Potteiger attended Cumberland Valley High School before playing collegiately at Penn State University for Penn State Nittany Lions men's soccer. During his time at the university, he was a 2001 preseason All-American, a first-team All-Big Ten selection, and was named the Penn State Nike Classic MVP and to the All-Tournament Team. Potteiger would earn Big Team First Team honors three of his four years at Penn State, and was named team MVP his sophomore year.

==Professional==

Potteiger was selected with the 41st pick in the 2002 MLS SuperDraft by the New England Revolution of Major League Soccer on February 10, 2002. He was released by the team on March 14, 2002. Potteiger then signed with Pittsburgh Riverhounds SC of the A-League as a "Territorial draft pick" in April. He finished the 2002 A-League season with 27 appearances (16 starts) scoring one goal and notching three assists.

When the Riverhounds dropped down to the USL Pro Soccer League (USL's second division) for the 2004 season, Potteiger joined the expansion team Harrisburg City Islanders for their 2004 inaugural league campaign and became a fan-favorite. He was eventually named the club's captain, and in 2005 signed a contract extension through 2010. He was named to the Pro Soccer League Team of the Week for the first week of the 2004 season, and would earn the honor three more times before being named to the 2004 All-USL First Team.

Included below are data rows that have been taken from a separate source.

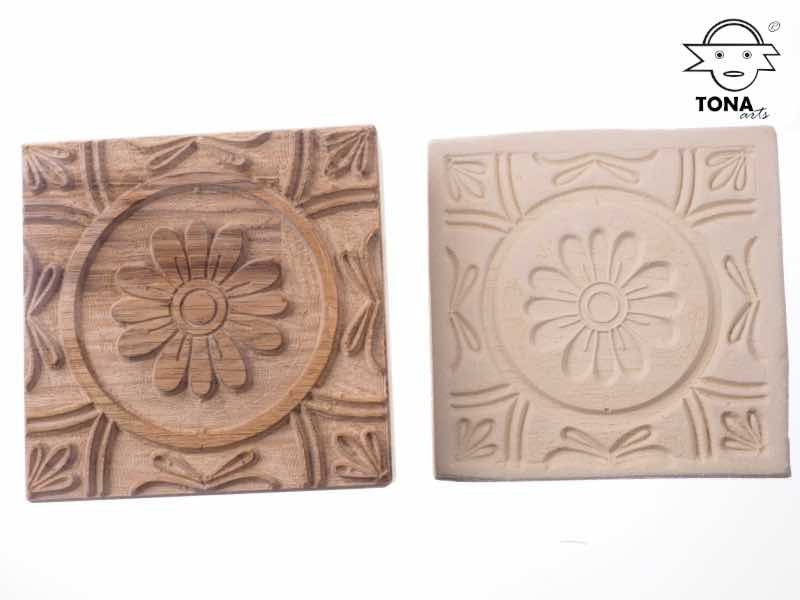 Blütenmedaillon TAIL4 – Fliesenstempel Stempel > Quadratische Stempel TONA arts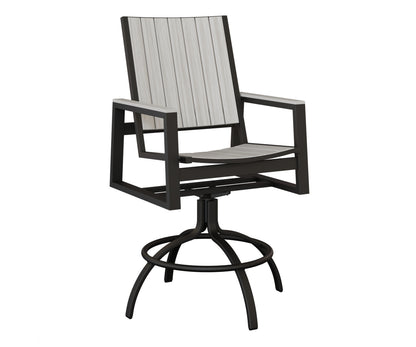 Berlin Gardens Vida Poly Swivel Bar Chair in Black, Seashell slats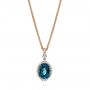 18k Rose Gold 18k Rose Gold Vintage-inspired Oval London Blue Topaz And Diamond Pendant - Three-Quarter View -  105433 - Thumbnail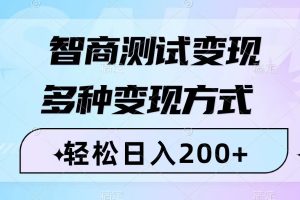 （8049期）智商测试变现，轻松日入200+，几分钟一个视频，多种变现方式（附780G素材）[中创网]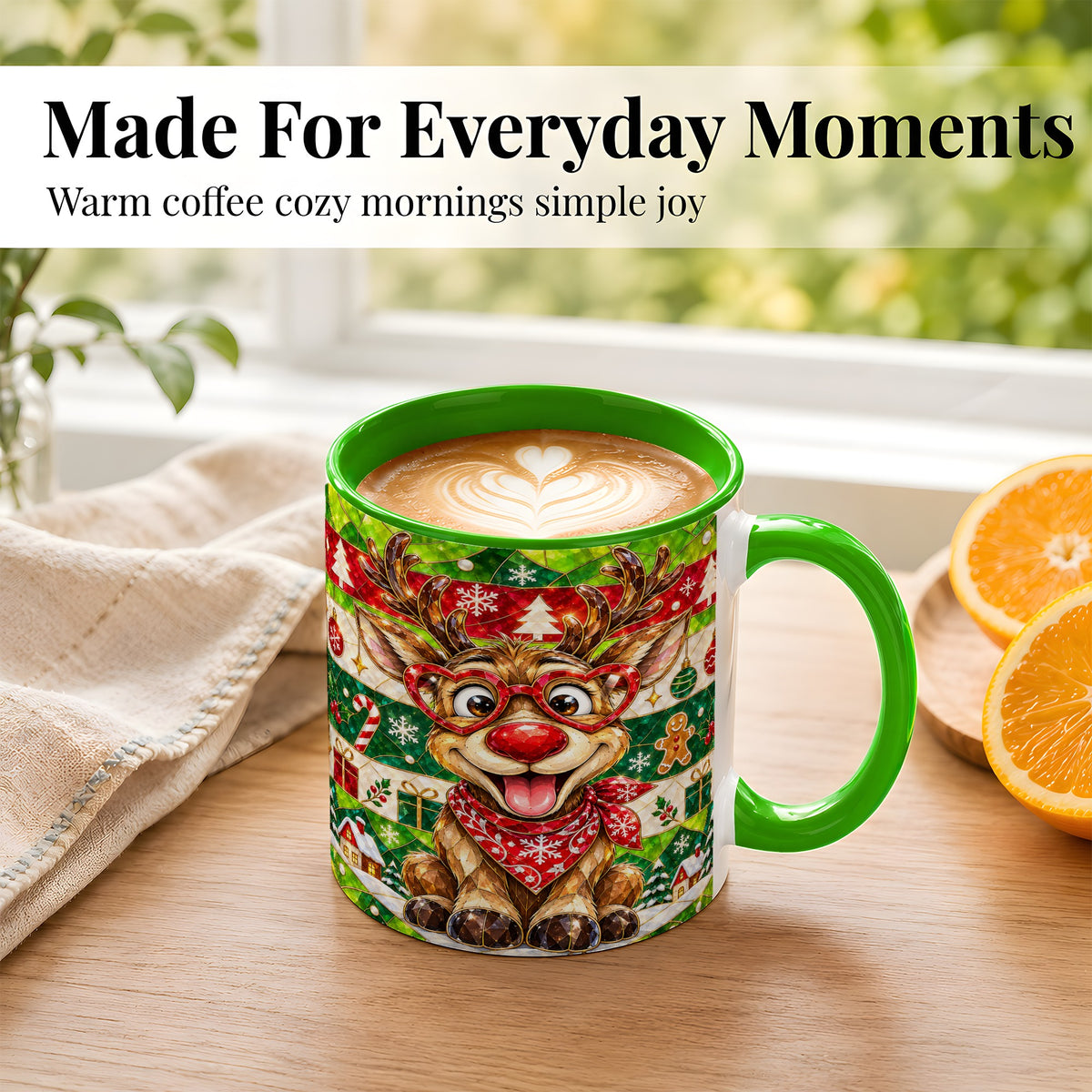 #pl[11oz|Green] Stained Glass Style Reindeer Coffee Mug, Christmas Deer Mug, Ceramic Cup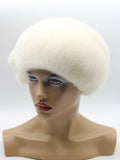 Women's real mink fur beret white three-quarter right view showing large flower accent and adjustable dome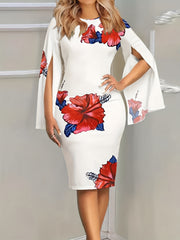 Women's Plus Floral Print Split Sleeve Round Neck High Stretch Slim Fit Dress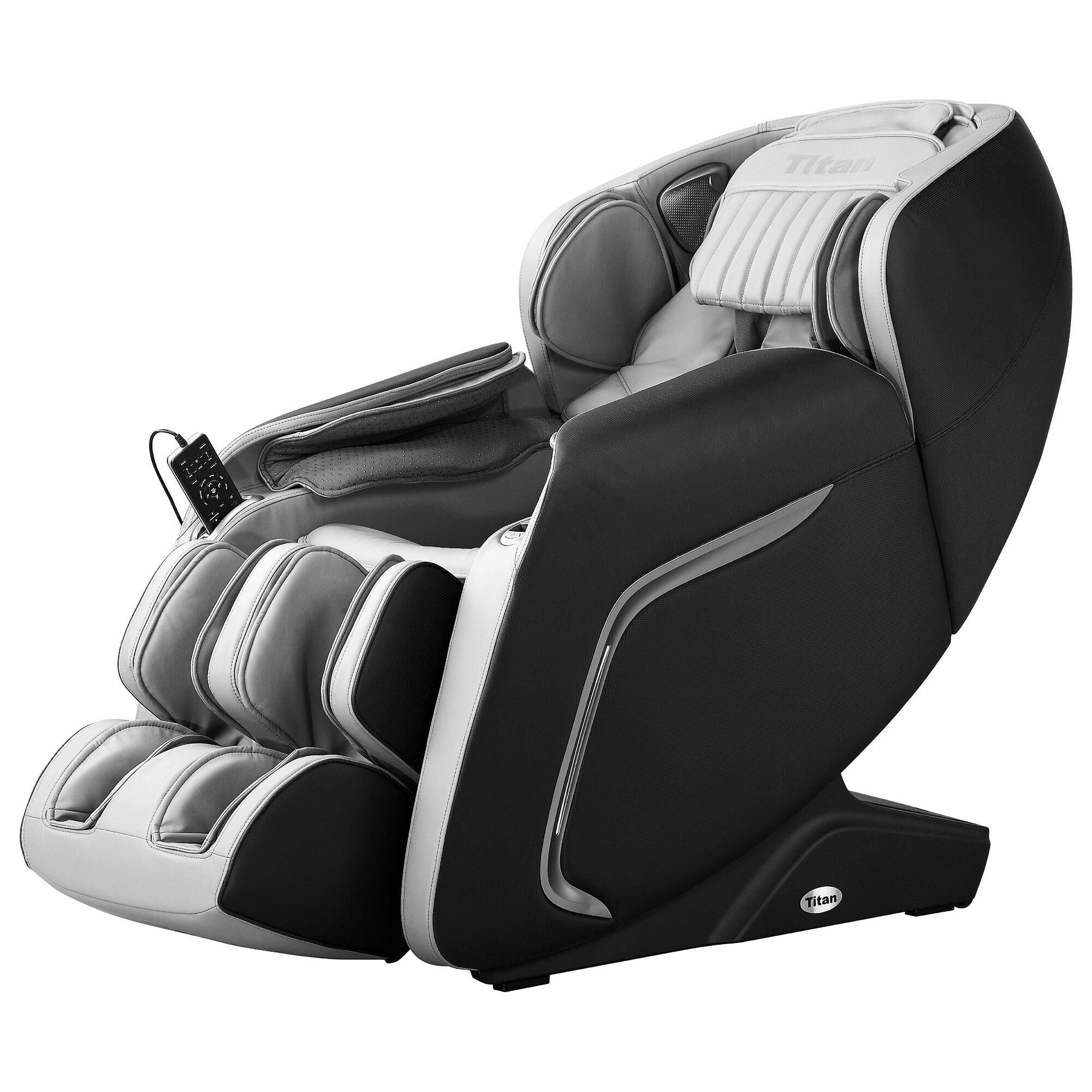 Titan osaki black faux sales leather reclining massage chair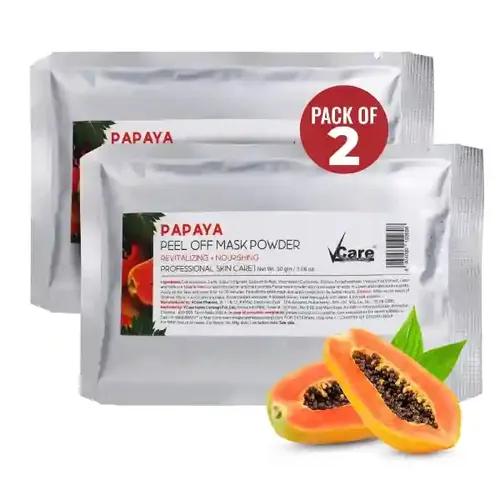 Vcare Jelly Papaya Peel Off Mask For Facials Skincare |Face Mask Powder 30gm- Pack of 2 | Facial Skin Care Product for Women Smoothing, Moisturizing, Cleansing, Refreshing, Made in India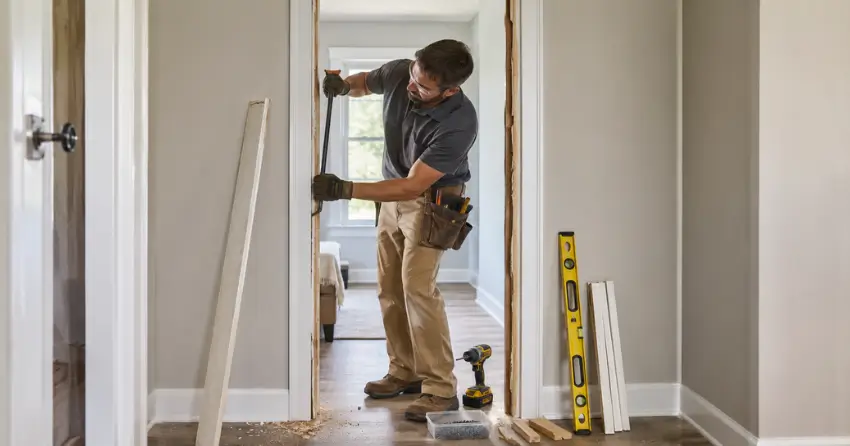 technician removing an old interior door frame during installation Niagara-on-the-Lake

Potteiger spent three seasons with the City Islanders (all as team captain) before joining the Cleveland City Stars in April of 2007, with whom he won the 2009 USL Second Division championship.

==Coaching==

In 2009 Potteiger became an assistant coach to Dave Brandt for Navy Midshipmen men's soccer. In January 2013, Potteiger was named head coach of Gordon College's men's soccer team. Potteiger spent 4 years at Gordon, posting a 61-18-3 record, before becoming head coach at Lee University in January 2017.